How do I know this works? Well Cedar Point is a peninsula on Lake Erie. They lease over a hundred 1400W and 4400W foggers for their Sep-Oct Halloween events. The fog machines used to be set up just shooting straight out. The wind off the Lake would push it wherever it wanted right out of the fogger even from high wattage expensive pro foggers. So they used the black border tarp fence idea last year and it worked. They also have the advantage os repositioning them based on weather and have them hooked up to a DMX control board but the basic practice worked anyhow. They sometimes cut a hole in the bottom of the tarp and shoot the fog thru that when it's not as windy.

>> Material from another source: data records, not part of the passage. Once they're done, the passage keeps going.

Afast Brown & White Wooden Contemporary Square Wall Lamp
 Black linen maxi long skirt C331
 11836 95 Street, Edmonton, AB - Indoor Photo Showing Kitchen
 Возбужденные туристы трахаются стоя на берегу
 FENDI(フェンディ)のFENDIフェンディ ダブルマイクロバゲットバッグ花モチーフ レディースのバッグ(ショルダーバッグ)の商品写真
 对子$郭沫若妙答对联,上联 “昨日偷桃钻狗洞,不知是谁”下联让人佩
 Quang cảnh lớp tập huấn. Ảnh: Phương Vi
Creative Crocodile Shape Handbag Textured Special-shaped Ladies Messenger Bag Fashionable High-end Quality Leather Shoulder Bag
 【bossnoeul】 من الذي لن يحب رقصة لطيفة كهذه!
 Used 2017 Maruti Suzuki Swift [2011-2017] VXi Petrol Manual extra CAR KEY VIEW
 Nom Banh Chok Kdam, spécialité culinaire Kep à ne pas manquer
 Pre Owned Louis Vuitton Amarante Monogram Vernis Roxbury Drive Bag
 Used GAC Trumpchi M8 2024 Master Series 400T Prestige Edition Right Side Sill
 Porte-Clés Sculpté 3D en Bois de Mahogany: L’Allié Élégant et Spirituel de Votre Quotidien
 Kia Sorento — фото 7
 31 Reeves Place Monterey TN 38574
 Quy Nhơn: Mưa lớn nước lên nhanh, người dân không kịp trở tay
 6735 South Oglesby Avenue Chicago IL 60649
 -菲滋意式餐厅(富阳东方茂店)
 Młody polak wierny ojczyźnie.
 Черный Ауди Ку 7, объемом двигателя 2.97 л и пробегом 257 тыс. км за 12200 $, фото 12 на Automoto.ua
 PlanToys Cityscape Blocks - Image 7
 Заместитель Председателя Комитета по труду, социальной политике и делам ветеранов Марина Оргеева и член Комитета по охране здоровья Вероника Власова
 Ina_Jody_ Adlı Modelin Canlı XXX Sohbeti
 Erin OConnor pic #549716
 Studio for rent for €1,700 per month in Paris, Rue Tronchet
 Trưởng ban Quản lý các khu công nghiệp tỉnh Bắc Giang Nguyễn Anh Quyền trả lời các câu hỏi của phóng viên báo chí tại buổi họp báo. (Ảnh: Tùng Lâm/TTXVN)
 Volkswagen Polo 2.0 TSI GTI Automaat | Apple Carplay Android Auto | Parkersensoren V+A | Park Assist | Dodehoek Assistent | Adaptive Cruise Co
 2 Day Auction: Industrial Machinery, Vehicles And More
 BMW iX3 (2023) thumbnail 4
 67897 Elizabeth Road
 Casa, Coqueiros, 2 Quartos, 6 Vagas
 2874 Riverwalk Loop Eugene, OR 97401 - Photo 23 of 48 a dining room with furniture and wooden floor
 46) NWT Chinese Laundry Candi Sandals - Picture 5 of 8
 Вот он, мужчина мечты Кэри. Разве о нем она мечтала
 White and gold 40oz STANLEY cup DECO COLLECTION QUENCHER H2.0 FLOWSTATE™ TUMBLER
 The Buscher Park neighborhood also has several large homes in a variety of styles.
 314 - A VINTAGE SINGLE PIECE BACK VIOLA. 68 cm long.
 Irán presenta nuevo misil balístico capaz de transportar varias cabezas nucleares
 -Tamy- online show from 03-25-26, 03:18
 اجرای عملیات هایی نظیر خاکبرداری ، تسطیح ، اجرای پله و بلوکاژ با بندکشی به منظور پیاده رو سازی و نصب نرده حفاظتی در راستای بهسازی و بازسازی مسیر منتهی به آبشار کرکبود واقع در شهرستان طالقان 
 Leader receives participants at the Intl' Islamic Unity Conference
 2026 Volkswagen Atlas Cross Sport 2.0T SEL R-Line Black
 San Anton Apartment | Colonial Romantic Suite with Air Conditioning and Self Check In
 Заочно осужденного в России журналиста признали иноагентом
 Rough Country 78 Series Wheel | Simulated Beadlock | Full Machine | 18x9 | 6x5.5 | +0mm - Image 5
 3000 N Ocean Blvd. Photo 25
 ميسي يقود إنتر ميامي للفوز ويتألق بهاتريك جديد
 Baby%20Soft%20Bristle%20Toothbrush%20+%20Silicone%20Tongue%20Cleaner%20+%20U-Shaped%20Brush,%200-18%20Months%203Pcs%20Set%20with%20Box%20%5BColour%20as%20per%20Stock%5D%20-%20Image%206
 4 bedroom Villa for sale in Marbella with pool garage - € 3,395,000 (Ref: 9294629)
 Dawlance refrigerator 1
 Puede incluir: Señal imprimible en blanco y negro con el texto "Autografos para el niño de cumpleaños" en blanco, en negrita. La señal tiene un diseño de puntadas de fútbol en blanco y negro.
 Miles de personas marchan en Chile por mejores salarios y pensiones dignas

Just try it with a large board or tombstone. Lightning FX Fog Tests pictures by bpesti - Photobucket in July with a light wind. The fogger is 6" away from the back of the tombstone pointed right at it. In comparison, when it was 12" away the light wind didn't even allow the 400W Gemmy to shoot the fog to the back of the tombstone. So the fog didn't build up like you see it in the screengrabs. You can see how the fog is going a little to the left. But if it were straight out of the fog machine, it would be a lot farther off the the left and not more than a foot off the ground. So I considered it a success. I backlit the fog with a 1000W halogen work lamp hooked to a Lightning FX unit for that test. Yes a real test would be higher winds. But like I said it definitely worked for an amusement park on Lake Erie. They do use high wattage powerful stage quality foggers. But the concept works better than trying to shoot fog right out of the fogger.

Try it for yourself. See what you get.


----------



## MansionHaunter

Thanks for the tip! Every year here on Halloween the wind suddenly makes an appearance and my best attempts at fog are ruined.

I'm going to try both the watered lawn and some well-placed tarp fencing. Hopefully that'll give the ground fog a fighting chance.


----------



## Fright Zone

It's worth a try. If it works for a world class amusement park (even though they get to use powerful foggers they're still surrounded by a Lake so I've seen both set-ups and I think they're onto something with forcing the fog to hit a fence or large object out of the fogger) it should work for us. I was encouraged by my fogger 6" behind-the-tombstone test.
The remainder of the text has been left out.